### Task requirements
An exact copy, beginning at the line containing "Unico Vegetable Oil 3 L" and ending at the final line of the records that follow, is the answer; it has no pictures and no other text.
⁂
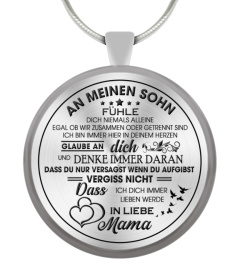 AN MEINEN SOHN
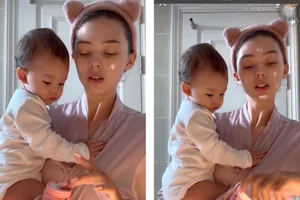 Dianka Zakhidova’s Real Beauty: How Bui Tien Dung’s Wife Balances Motherhood and Self-Care - image 8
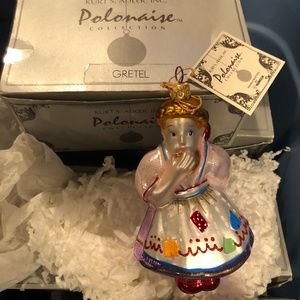 Polonaise Collection Gretel Ornament
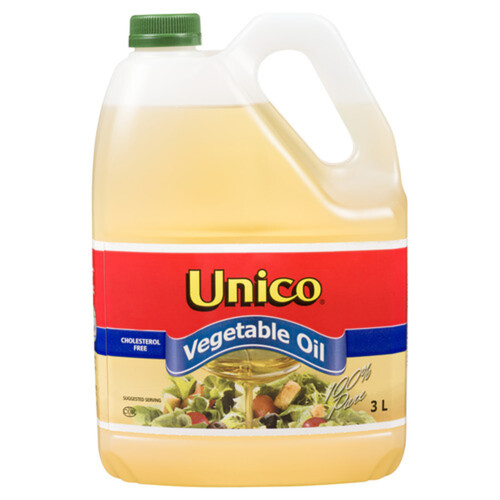 Unico Vegetable Oil 3 L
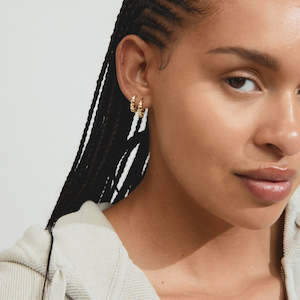 GOLD MAEVE EARRINGS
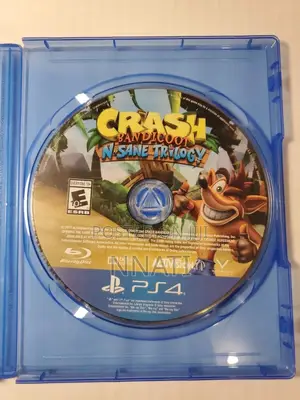 Photo - Crash Bandicoot N. Sane Trilogy (3 Games)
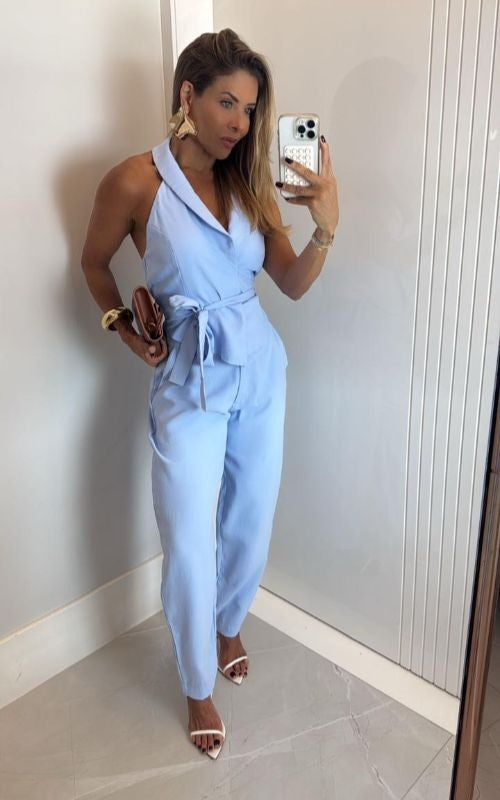 Milano Tailored Set (Blouse + Pants)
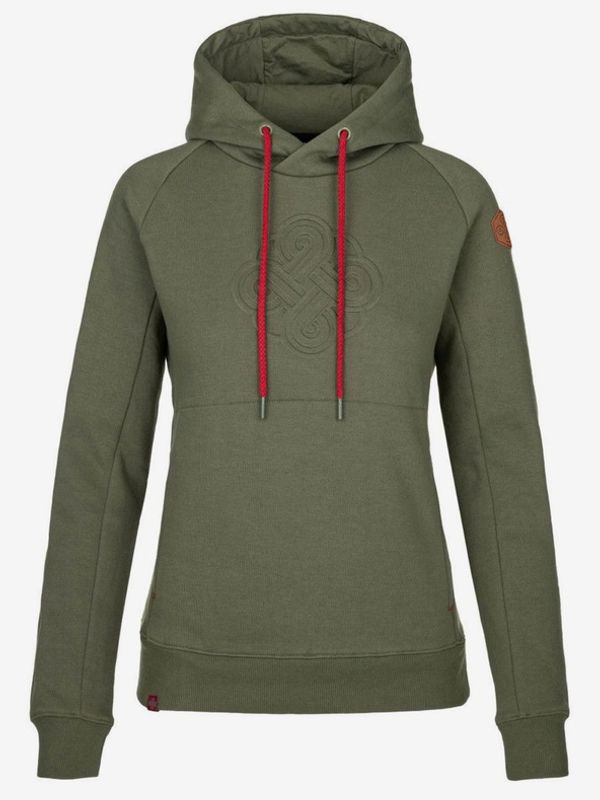 Kilpi Kilpi Sohey-W Sweatshirt Zelen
⁂
### Answer area
 Unico Vegetable Oil 3 L
 GOLD MAEVE EARRINGS
 Photo - Crash Bandicoot N. Sane Trilogy (3 Games)
 Milano Tailored Set (Blouse + Pants)
 Kilpi Kilpi Sohey-W Sweatshirt Zelen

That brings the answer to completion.